Wśród charytatywnych aukcji tegorocznego finału WOŚP było też spotkanie z Jarosławem Kuźniarem, który zaoferował zwycięzcy wizytę w studiu "Dzień dobry TVN" i pokazanie kulisów śniadaniowego programu TVN. Zbigniew Stonoga zaoferował najwyższą cenę, bo aż 5650 złotych.
Jego gest może dziwić, bo Stonoga publicznie krytykował dziennikarza TVN:
Kuźniar! Chłopaki nie płaczą. Mam już coś na ciebie. Narazie. Zdjęcia z Urbanem z Wybrzeża, w dziwnych pozach jesteście. Cześć! - mówił w jednym z nagrań.
Dziennikarz z resztą nie pozostawał mu dłużny. Gdy Stonoga został zatrzymany przez prokuraturę drwił z kontrowersyjnego biznesmena. "Gwiazda zgasła" pisał pod filmem z zatrzymania Stonogi.

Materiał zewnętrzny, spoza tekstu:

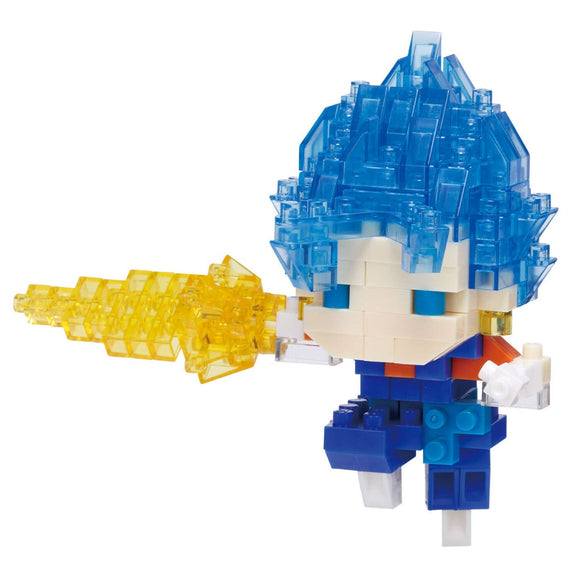 Toy figure made of interlocking bricks with blue hair and a yellow weapon on a white background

- Tylko zakaz opuszczania kraju dla #Stonoga. Największą karą byłby zakaz używania Facebooka – napisał z kolei, gdy biznesmen został zwolniony.

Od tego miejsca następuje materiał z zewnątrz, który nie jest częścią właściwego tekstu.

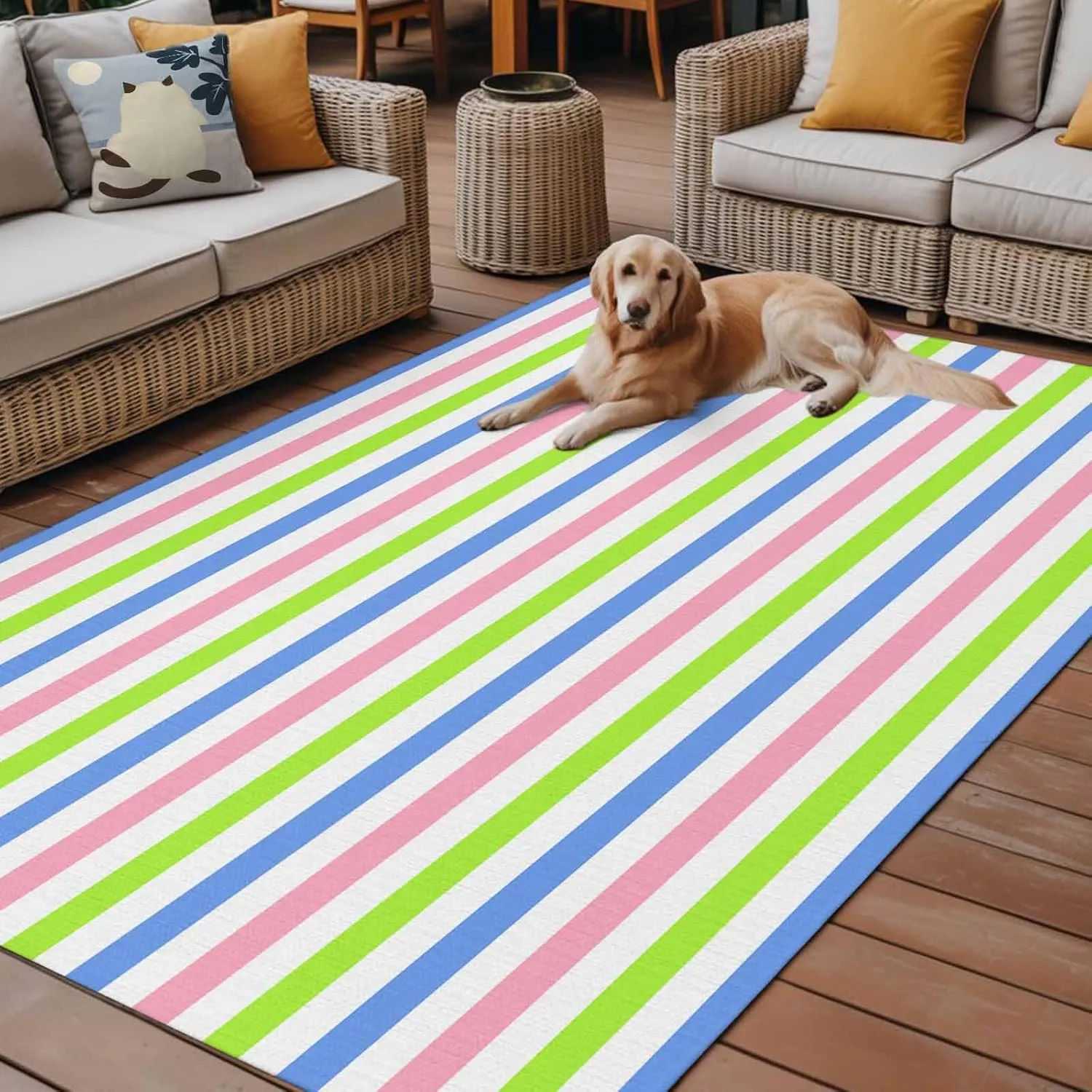 Blue Pink Stripe Outdoor Rug 4x6ft Large Patio Rug,Washable RV Camping Outside Area Runner Rug Mat,Minimalist Geometric Green White Striped Carpet for Picnic Backyard Deck Porch Balcony Beach Indoor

Okazuje się, że do telewizyjnego starcia dwóch wrogów jednak nie dojdzie. Stonoga zdecydował się oddać nagrodę.
Szanowny Panie Jarosławie wygrałem aukcję. Cel jest zbyt piękny by to psuć - obiecuję, że osobiście nie przyjdę, ale sprezentuję jakiemuś człowiekowi dobrej woli wygraną. Pozdrawiam - napisał Stonoga.